Obama arrived as part of a congressional delegation that also included
Sens. Jack Reed, D-R.I., and Chuck Hagel, R-Neb., following stops in
Kuwait and Afghanistan. The delegation met Sunday in Kuwait City with
Kuwait's emir, Sheik Sabah Al Ahmed Al Sabah, and other senior
officials, the Kuwait News Agency reported.
All three are longtime critics of the U.S. involvement in the war in
Iraq. Obama has called for withdrawing American troops at the rate of
one or two brigades per month, and an end to combat operations within
16 months. He has said he favors leaving a residual force in the
country to provide security for U.S. personnel, train Iraqis and
counter attacks by al-Qaida.
The delegation arrived amid controversy over al-Maliki's published
comments in a German magazine that appeared to endorse Obama's 16-month
timetable. The Iraqi leader's aides have since said his remarks were
misunderstood, and he is not taking sides in the U.S. election.
Obama's trip occurred less than four months before the presidential
election. It is Obama's second trip to Iraq, but conditions are quite
different from when he visited in January 2006. Obama's first tour was
treated as a footnote, while the country was caught in a growing Sunni
insurgency and was moving toward a flood of sectarian violence. But the
bloodshed has declined significantly since Bush sent thousands more
troops last year to help quell the rising violence.
McCain has been critical of Obama's position on Iraq, saying the
decision to pull out should be determined by progress, not a timetable.
He supports the war, and has been critical of some aspects of its
handling. But he was a vocal supporter of the decision to send in more
troops.
McCain's foreign policy adviser, Randy Scheunemann, said Obama "is
stubbornly adhering to an unconditional withdrawal that places politics
above the advice of our military commanders, the success of our troops,
and the security of the American people."
"Barack Obama is wrong to advocate withdrawal at any cost just as he
was wrong to oppose the surge that has put victory within reach,"
Scheunemann said in a statement.
U.S. commanders have begun withdrawing some of those additional troops
and Obama argues they should be sent to Afghanistan, which he says is
the "central front" in the fight against terrorism, to reinforce
efforts there against a resurgent Taliban and to control spiraling
violence.
McCain also supports sending troop reinforcements to Afghanistan.
"There's starting to be a growing consensus that it's time for us to
withdraw some of our combat troops out of Iraq, deploy them here in
Afghanistan, and I think we have to seize that opportunity. Now is the
time for us to do it," Obama said in a CBS News interview broadcast
Sunday after a two-hour meeting with Afghan President Hamid Karzai.

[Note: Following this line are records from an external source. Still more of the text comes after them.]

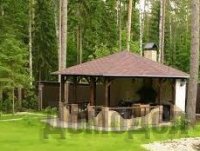 ��� ������� �������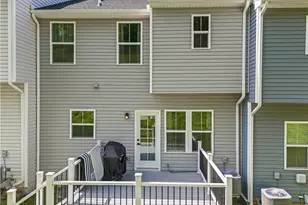 702 Greenwood Dr, North Strabane, PA 15317 - Photo 3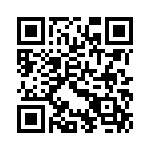 CRGS1206J5K6 QRCode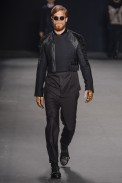 desfile-alexandreherchcovitchmen-spfw-inv2014-27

"I think it's important for us to begin planning for those brigades
now. If we wait until the next administration, it could be a year
before we get those additional troops on the ground here in
Afghanistan, and I think that would be a mistake," Obama said in the
interview. "I think the situation is getting urgent enough that we have
got to start doing something now."
Obama has made Afghanistan a centerpiece of his proposed strategy for dealing with terrorism threats to the United States.
He has said the war in Afghanistan, where Taliban- and al-Qaida-linked
militants are resurgent, deserves more troops and attention than the
conflict in Iraq.
U.S. military officials say the number of attacks in eastern
Afghanistan, where most of the foreign troops are American, has
increased by 40 percent so far in 2008 compared with the same period in
2007.
Gen. David Petraeus, the top U.S. commander in Iraq, told the AP on
Saturday that after intense U.S. assaults there, al-Qaida may be
considering shifting focus to its original home base in Afghanistan,
where American casualties are running higher than in Iraq.